Sanders, 36, accepted the Hurricane coaching job in mid-March and was laying the foundation for his program when, on May 30, news broke that Buck James was leaving the Bryant Hornets and accepting the job as head football coach for the Conway Wampus Cats. It was a decision that surprised almost everyone following Arkansas high school athletics.
“No one had any idea Coach James was on the verge of leaving Bryant,” Sanders said. “He and I talked all the time, and he gave me no indication that he was thinking about moving on.”
Reaction to James’ announcement among players, parents, and fans was immediate, but Bryant Superintendent Karen Walters and the Bryant School Board moved swiftly to find his successor. In a unanimous vote one day later, the school named James’ replacement and new head football coach: Quad Sanders.
“When Coach went to Conway and created the opening at Bryant, it was an entirely different situation,” he said. “I had just seen him, so to hear he was leaving was a huge shock for me.
“When I got the call about the Bryant job, it was a dream come true,” he continued. “We’d been there five years, and it was our home. We’d built a football program that had grown into something special. The chance to come back was perfect.”
Just six months removed from a 36-7 win over the Bentonville Tigers to lock down Bryant’s fifth consecutive 7A state championship while leading a defense that allowed only 11 points per game, Sanders now finds himself at the head of the table. But to hear him describe things, he’s not uncomfortable in the new role.
“What we built here was like a family, and this was coming home for me,” he said. “I have players on the team who will call me “Dad” or “Uncle.” That’s the atmosphere we’ve built with our players. Sure, our expectations are high, but these young men know we care about them.”
So, what part of the new job, if anything, feels different for Sanders?
“Right now, I feel as I did when I was a coordinator,” he said. “Coach James allowed us to coach our players without interfering or trying to micromanage our work. In a lot of ways, he treated us like we were already head coaches for our parts of the team and let us do what we were good at the best way we knew how.”
However, Sanders admits the advantage of youth is something he’s incredibly excited to take advantage of.
“What’s fun is that I’m still young and can go out there and get involved in different parts of our process,” he said. “If position groups want to split and work, I can take a side and help coach. Obviously, I’m going to be more in tune with our defense but getting in there with my offensive coaches is going to give me a chance to understand what works best with them.”

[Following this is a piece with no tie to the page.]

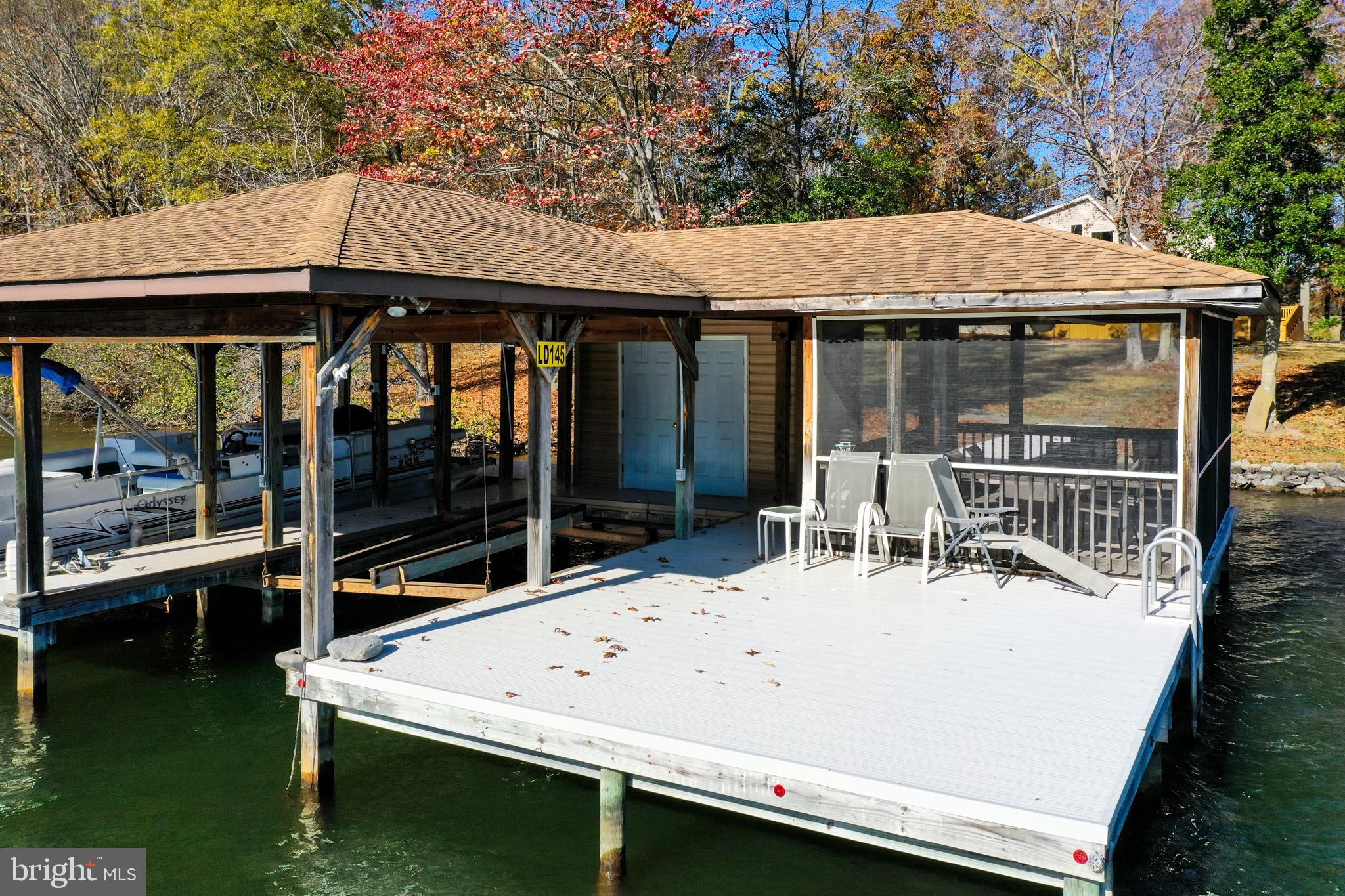 BEAR CASTLE - Residential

Sanders also has the advantage of familiar faces on the coaching staff that include offensive coordinator Julian Jones, defensive coordinator Travis Queck, and former coordinator, Kirk Bock, now Bryant’s athletics director.
“We already know how well our staff works together,” Sanders said. “It’s like a big brother/little brother relationship. We give each other a hard time, but it’s just part of the camaraderie we share.”
It’s a Hornet formula that clearly has a successful track record backing it up. And even with the coaching changes, Sanders maintains that on-the-field success is secondary to his and his coaches’ responsibilities of being role models to their young men.
“That’s the only reason any of us are doing this,” he said. “Obviously, you want to win and develop a successful program. But at the end of the day, our jobs are about developing these young men and giving them opportunities they might not otherwise have. The football is important, but it’s not more important than that.”
Bryant opens its season against the Benton Panthers at the Salt Bowl, August 26th at 7 p.m. in War Memorial Stadium.